Clustered MySQL has a very interesting solution to the problem of how to keep a pair of database machines in sync. All transactions are committed on both machines simultaneously. The transaction doesn’t complete until both machines have committed it. This is a ‘share nothing’ architecture. It could be slow, but the default for the NDB engine it uses is to hold the whole database in RAM. There are some odd limitations involved in this solution. For example: A newly created table in one machine will automatically be copied to the other but a view won’t.
That’s the back end – what about the VoIP server ?

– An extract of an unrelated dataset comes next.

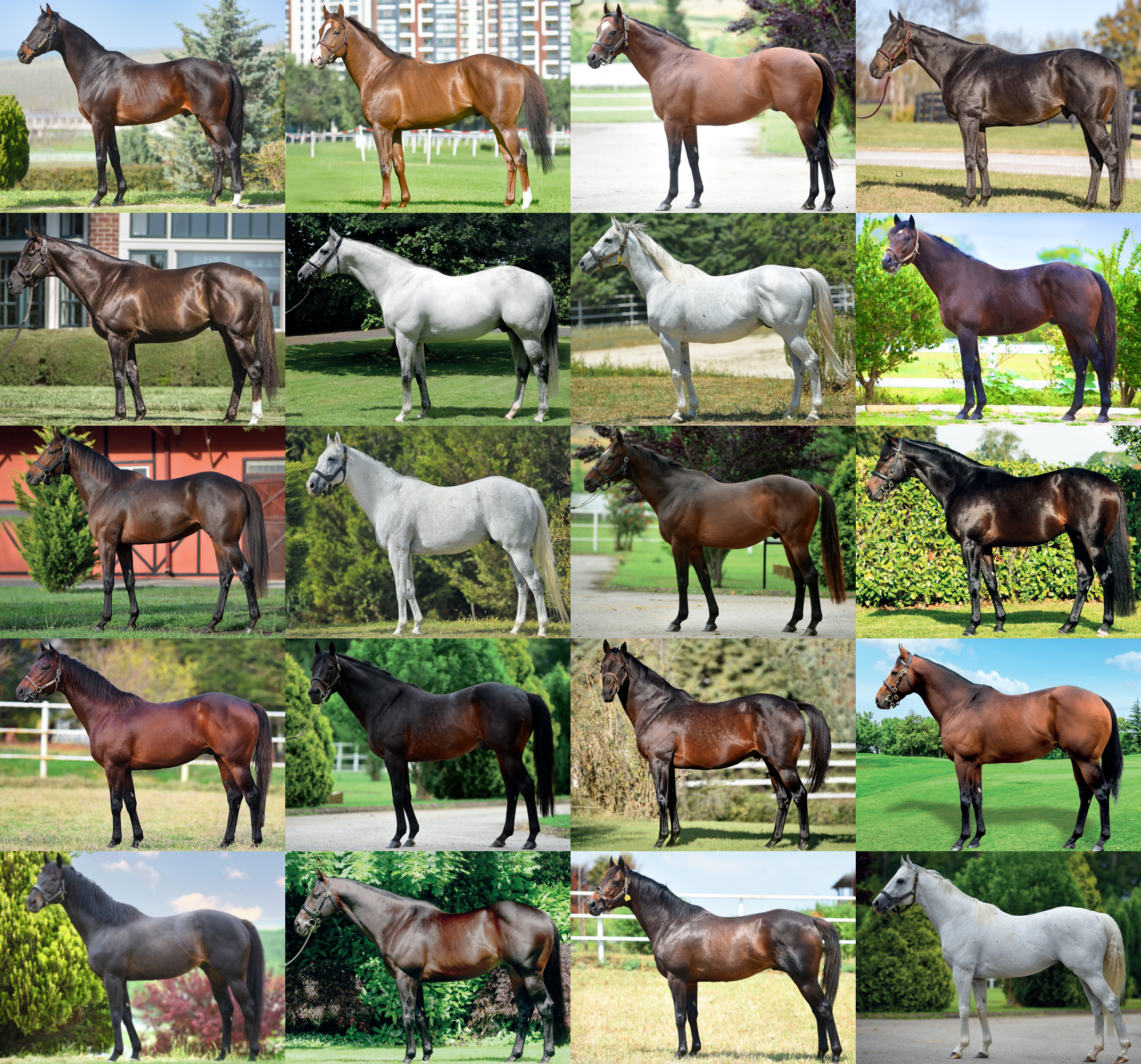 2026 YILI AYGIR KATALOĞU AYGIR MÜRACAATLARI BAŞLADI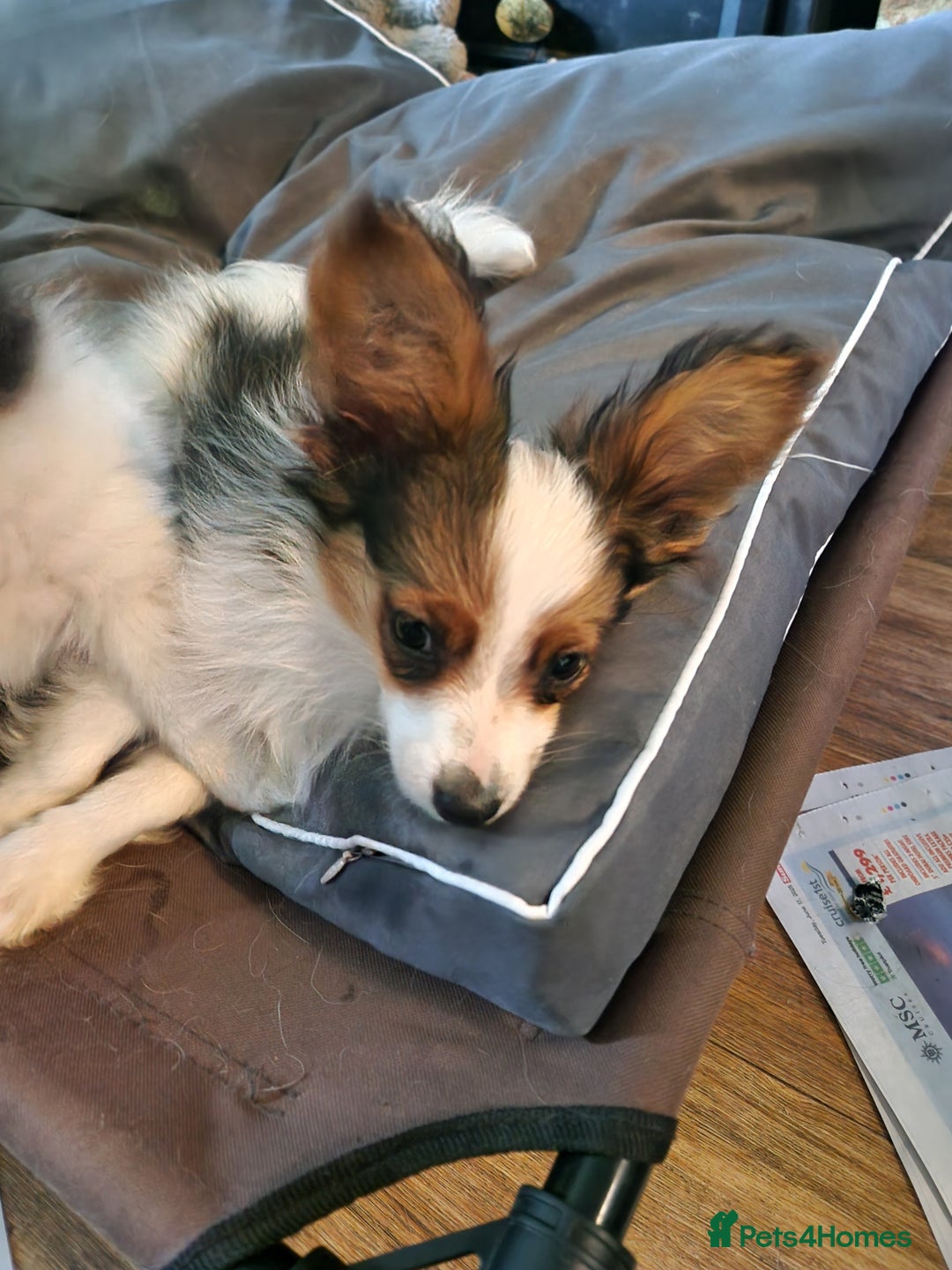 Papillon dogs for sale: Beautiful, Papillon boys in Cambridge - Image 17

We knew we needed something OpenSource, reliable and flexible.
The customer had come to us on the assumption that we would use Asterisk, which we considered and then decided not to. We plumped for FreeSWITCH.
Why FreeSWITCH ?
First off, because of the specific requirements there is very little ‘state’ info
to preserve no users, no registrations etc. In fact it is all about call routing.
The way that freeswitch’s xml_curl works makes it
very simple to switch the ‘database’ from one call to the next, so that when one database dies we can failover to the other.
Here’s what happens:
Every inbound call generates an HTTP Post to one of 2 nominated servers.
The post contains all the ‘channel variables’ – dialed number, ANI, channel, IPaddress etc. The web server replies with dynamically generated dialplan for this call telling FreeSWITCH how to deal with it. The dialplan is in XML, so it is easy to generate from a database with standard web tools. If the first web server does not respond, the second is queried instead. (no connections to drop, no mySQL proxy etc.)
Now, I could write a complex dialplan in Asterisk that emulated this behavior, but with FreeSWITCH I get it out of the box. (Xml_cdr works the same way – writing the call detail records to the database via HTTP).
So for this specific system, FreeSWITCH has done most of the work for me.
I’m not saying that it is now my default choice – it isn’t – but for this specific task it was the easier option.
We chose to use Glassfish as the web server, which in retrospect was overkill, it has a stack of clustering options we didn’t even touch.
We handle the high availabilty on the front end by having the phone company route their inbound SIP requests to a ‘floating’ IP address. We use the high availability support in SuSE 11 to move the IP address to the ‘active’ node and
re-start FreeSWITCH when needed.
There were of course problems – my ‘favorite’ being when I spent a day working out that the default Linux HA config assumes a cluster consists of 3 or more machines and won’t failover a service unless it has a quorum.
Don’t underestimate the added complexity of building a system with 5 hosts as compared with a single system – the system administration takes a lot longer and is quite a bit more complex.
On the other hand, we have built a high availability VoIP routing system based on free opensource software with a clear and extensible architecture.